[Items from a data source]
::::

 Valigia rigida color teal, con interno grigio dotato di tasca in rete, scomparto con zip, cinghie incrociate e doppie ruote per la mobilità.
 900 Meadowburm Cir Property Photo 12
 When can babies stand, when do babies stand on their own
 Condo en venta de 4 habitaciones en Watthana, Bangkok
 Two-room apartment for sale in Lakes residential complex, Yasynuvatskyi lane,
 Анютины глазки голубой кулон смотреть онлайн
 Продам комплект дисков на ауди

::::

• Work to be completed: Print every record above exactly as written.

• Response to the task:
 Valigia rigida color teal, con interno grigio dotato di tasca in rete, scomparto con zip, cinghie incrociate e doppie ruote per la mobilità.
 900 Meadowburm Cir Property Photo 12
 When can babies stand, when do babies stand on their own
 Condo en venta de 4 habitaciones en Watthana, Bangkok
 Two-room apartment for sale in Lakes residential complex, Yasynuvatskyi lane,
 Анютины глазки голубой кулон смотреть онлайн
 Продам комплект дисков на ауди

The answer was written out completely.